How Fast Can You Show The Results
Twitter explains how they monitor millions (+5,700 tweets per second) of Time Series. The presentation was superb. I found out that the stack that they're using, named "Observability", is composed on: Finnagle, Cassandra, and query language and execution engines based on Scala. Although is a work in progress the stack is about three years old. I hope that they open-sourced it stack so I can get more context on how they monitor a large distributed system.
Another very interesting product was Google's Big Query. This was one of those presentations in which we (my team and I) stumbled upon by accident. The presentation showed how to use Google's toolkit: Freebase, Maps, and BigQuery to do analytics.
It's All About Context, Results, or Charts
Another company that impressed me was Trifacta. With their tool you can clean data, see the model (graph) and recursively do it again in case you see patterns or not. The tool is targeted to data scientists, data wranglers, and data analysts. It's a great tool to mine data data, but most important, you can clean the data and show the results with relative ease.
IPython: This rekindled my interest in Python. IPythons notebooks are great for data scientists. You can get code, text, and graphics all in one page, so it's the perfect tool to show quick results. It's not that Python wasn't a popular language for data scientists. NumPy library provides a solid MATLAB-like matrix data structure, with efficient matrix and vector operations. It also provides other great APIs like SciPy and Pandas.
Big Data != Hadoop
Two topics that opened my eyes were Mesos and YARN. Mesos, what Twitter uses to manage its clusters, is similar to YARN (Yet Another Resource Negotiator). The Hadoop 2.0, or YARN, it's becoming more of an environment and operating system; not just a MapReduce. With YARN, the JobTracker is gone. The ResourceManager is what does the job of the JobTracker. The ResourceManager (RM) is a scheduler - it allocates resources based on a pluggable scheduling algorithm. RM manages and monitors all the applications, so it strictly limits to arbitrating available resources.

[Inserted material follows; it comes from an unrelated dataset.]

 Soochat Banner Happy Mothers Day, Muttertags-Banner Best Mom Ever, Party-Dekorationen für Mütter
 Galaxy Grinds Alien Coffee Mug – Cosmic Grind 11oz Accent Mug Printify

One of our favorite (me and two of my buddies), was Netflix Data Platform by Kurt Brown. A different and a great presentation. Rather than going on the technology side, they explained how the culture is intertwined with their technology stack or decisions. For example, they talked about the reason for using "the cloud". Obvious reasons like: it's cheaper, much flexible (growth, a better place to do tests/spikes), and having multi data center is definitely a plus. Also, Amazon and RackSpace have great services such as SQL, EMR, and S3. But the main reason is "focus". They are focused on getting movies and increasing their audience rather than to focus on the "plumbing". They expressed their commitment to "open-source software" (OSS). They mentioned the great talent that they can get and how they can "manage their own destiny" by following these principles and using these tools.

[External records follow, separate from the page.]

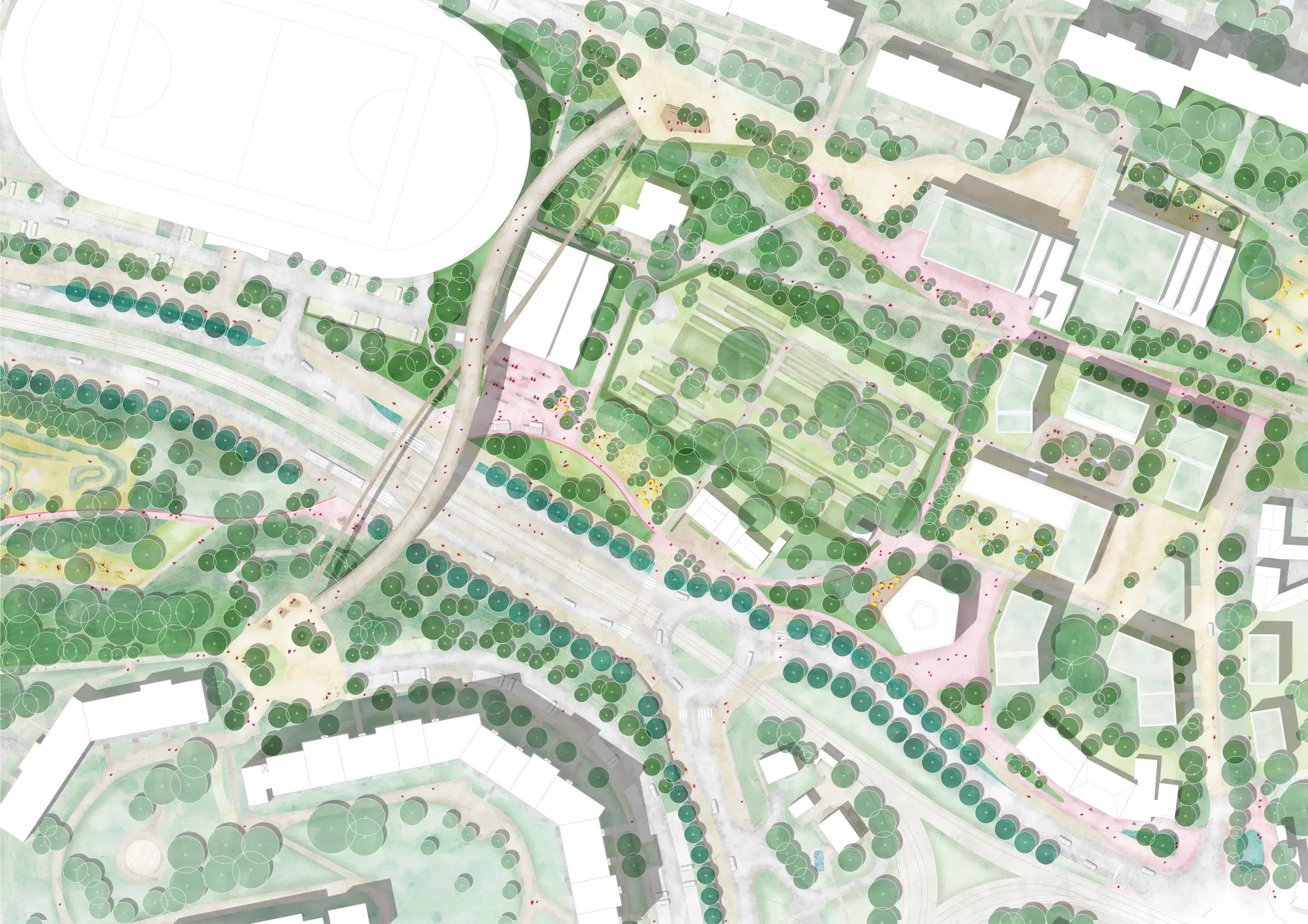 Masterplan detail of the Neue Mitte Südost: a curving bridge crosses roads and tram tracks between a sports field, gardens and residential blocks.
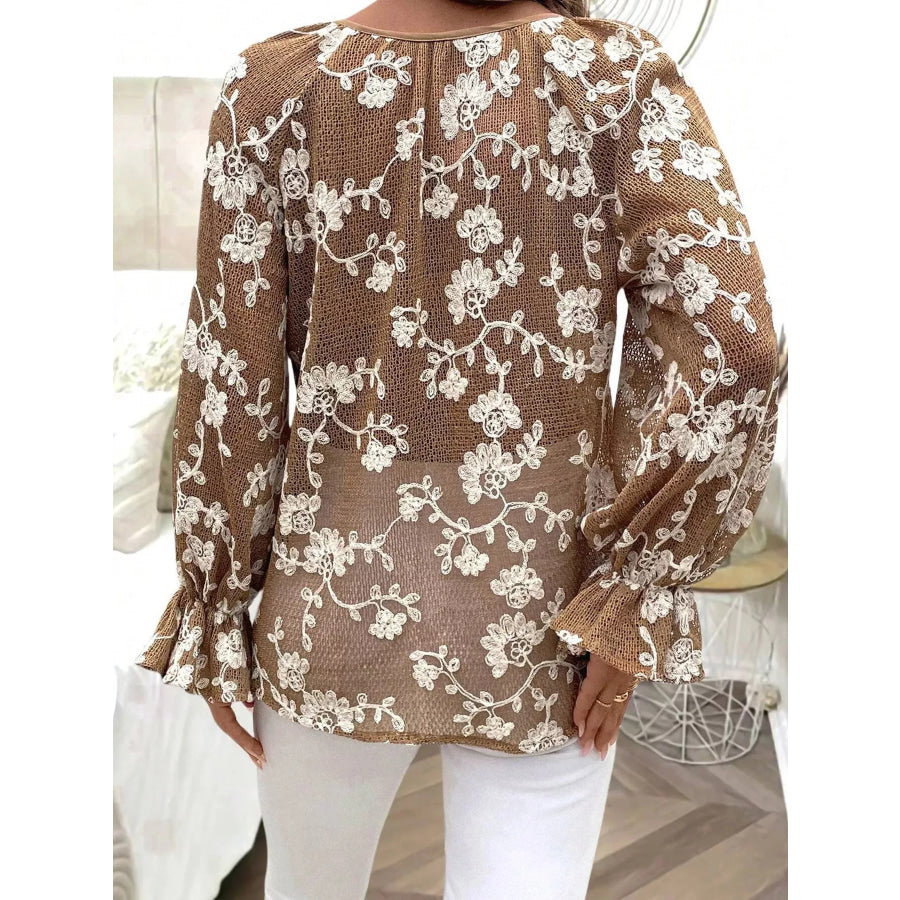 Floral Embroidered Long Sleeve Shirt Apparel and Accessories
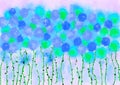 Impressionist watercolor field of flowers illustration, handpainted floral image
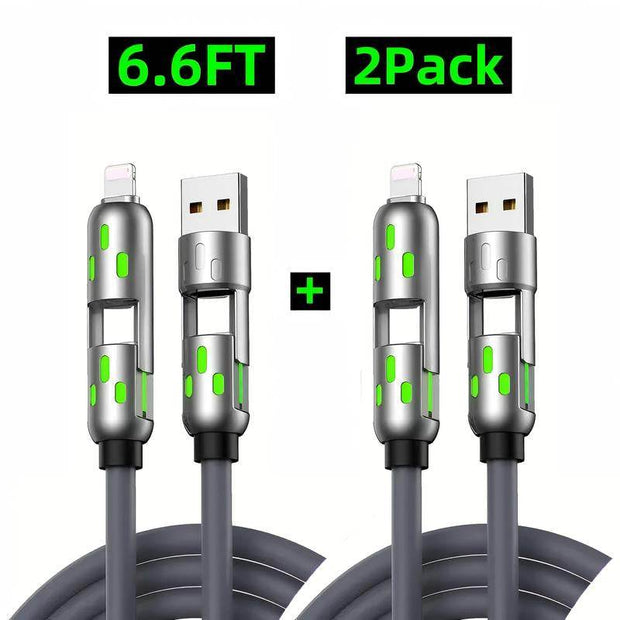 [Buy 1 Get 1 Free] 6.6FT 4-In-1 USB-C Cable PD Fast Charging Data Sync USB-A Type-C Lightning Aluminum Compatible Cellphone Smartphone Electronic Charger - Creatique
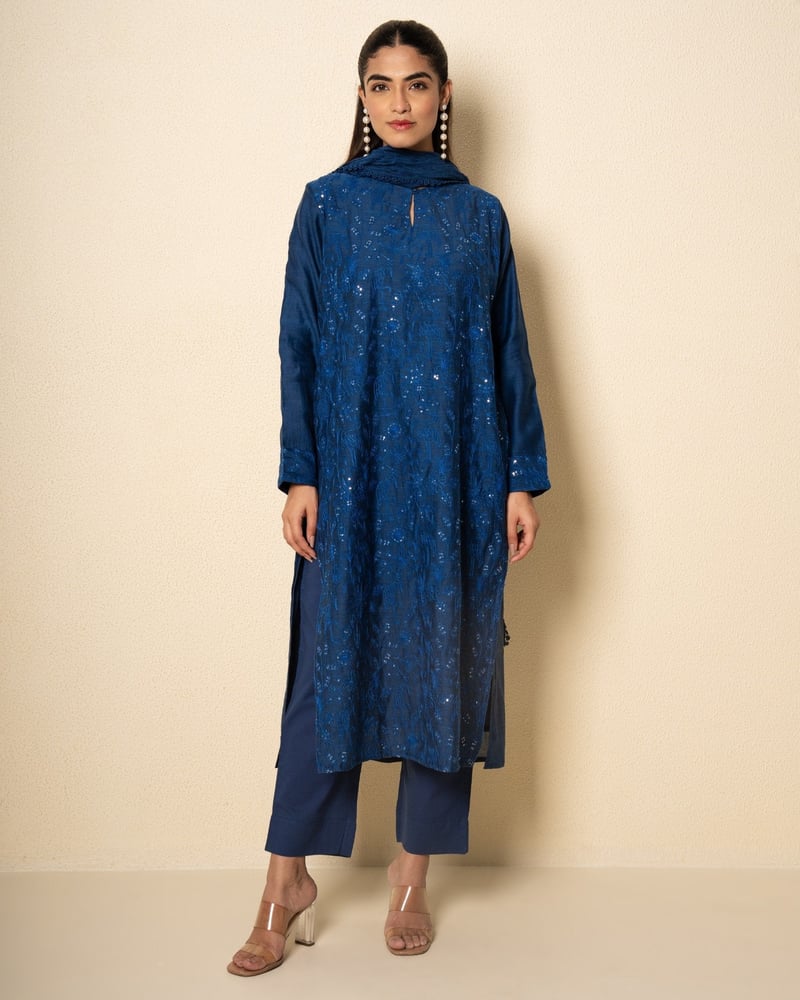 Cobalt Bloom Chanderi Blue Floral Embroidered Suit Set (Set Of 3)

Netflix explained their philosophy and how it's the "soul" of their decision (technical and business). For example, they keep keyboards, mice, and other peripherals in vending machines (they are free), so that everyone knows to "act in Netflix best interest". Furthermore, every decision or project needs to answer a basic question: "what value are you adding?". They apply the rule "accept that things will break". Because of this, they build safety nets around their systems. Again, it was a very nice and interesting presentation.

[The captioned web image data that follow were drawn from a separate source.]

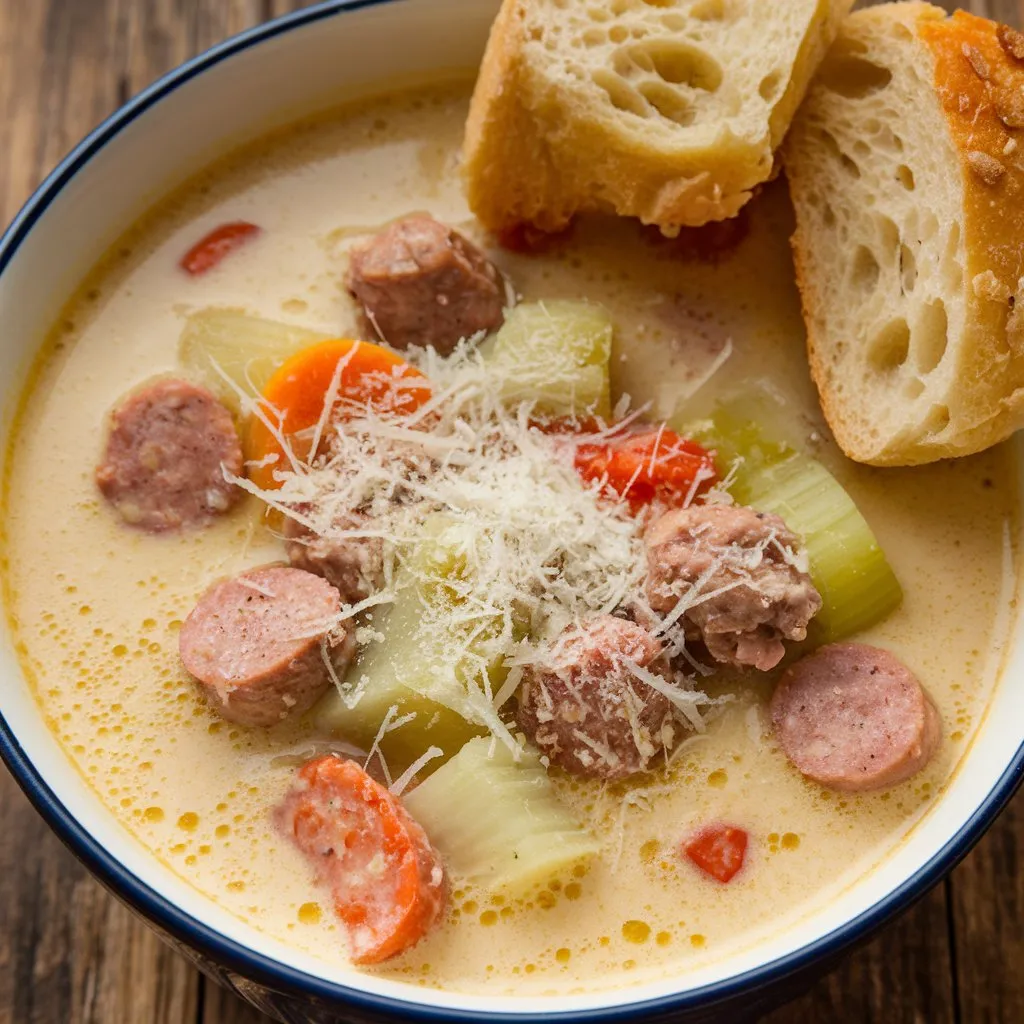 A bowl of creamy Parmesan Italian sausage soup with chunks of crusty bread. The soup is rich and creamy, featuring tender Italian sausage, vegetables like carrots, celery, and onions, topped with grated Parmesan cheese.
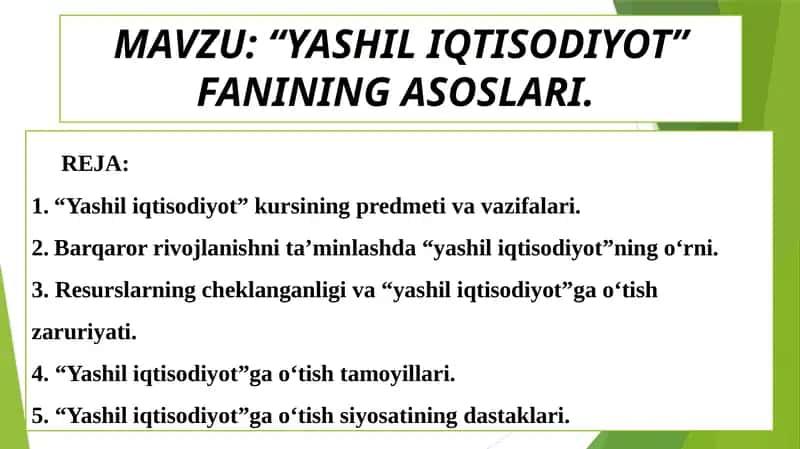 “YASHIL IQTISODIYOT” FANINING ASOSLARI. 1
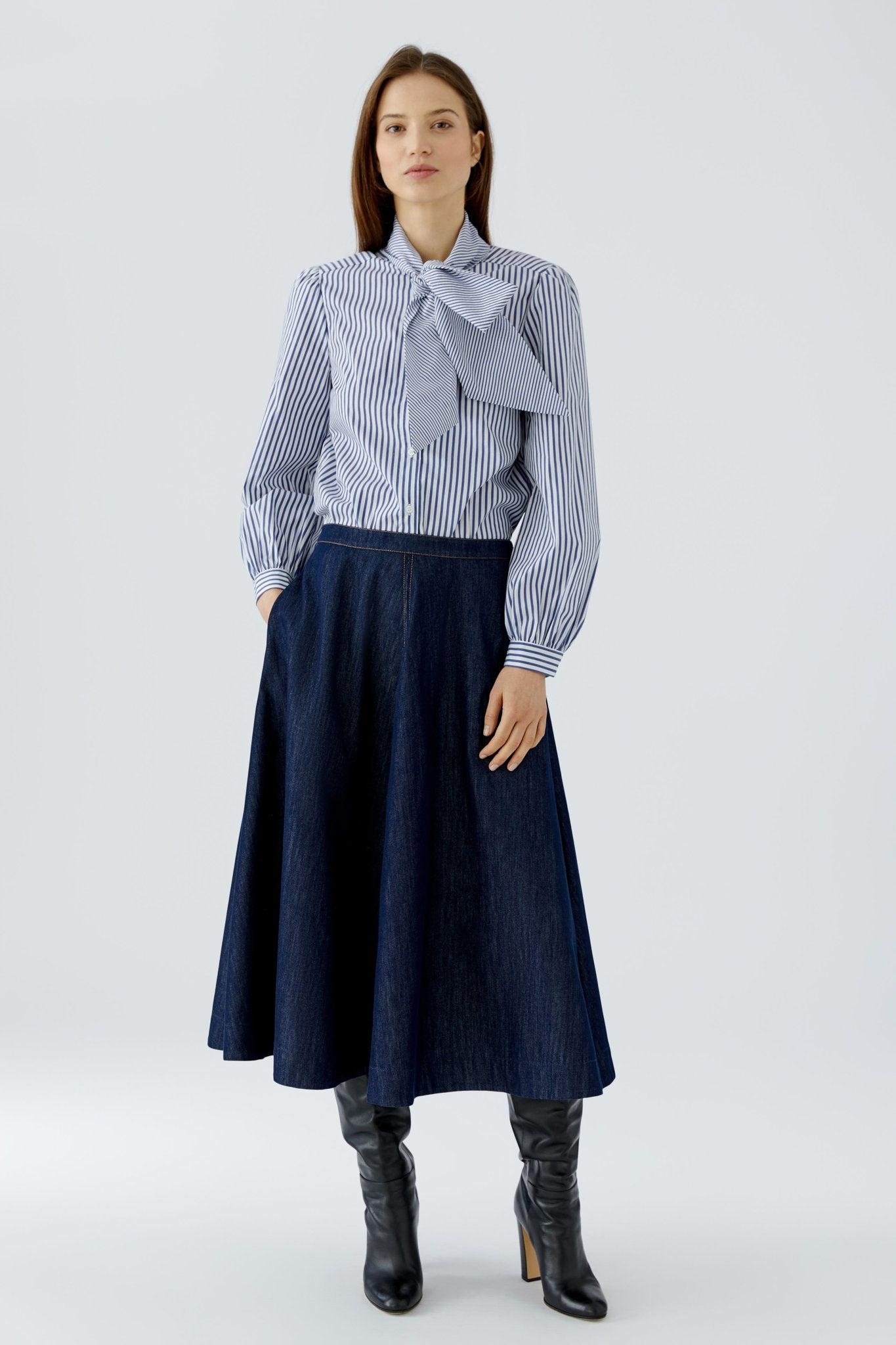 Oui Damen Rock  Raw Denim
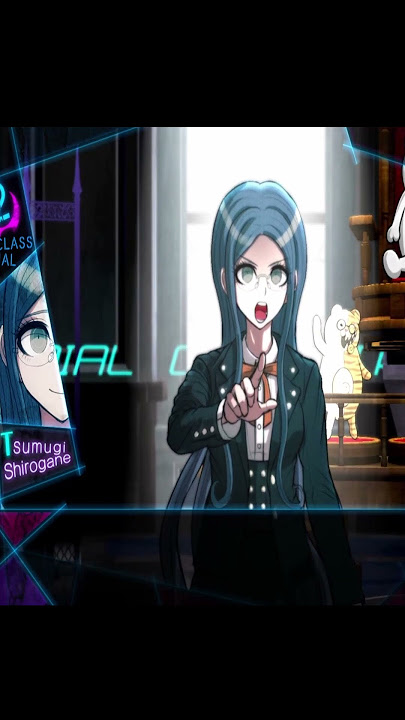 Tsumugi telling Kokichi to shut up in her own unique way in Danganronpa V3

I really enjoyed the conference. I also just purchased the videos. Which I highly recommend!! During the next few months, I'm going to try to learn some of these tools and present them at the Miami JVM Meetup. Hopefully I can get to see you there, or better yet, hope to see you at Strata 2015. If you're going to either one of these events, let's meet up and share a beer...or two and discuss Big Data. I promise that my eyes will get dilated.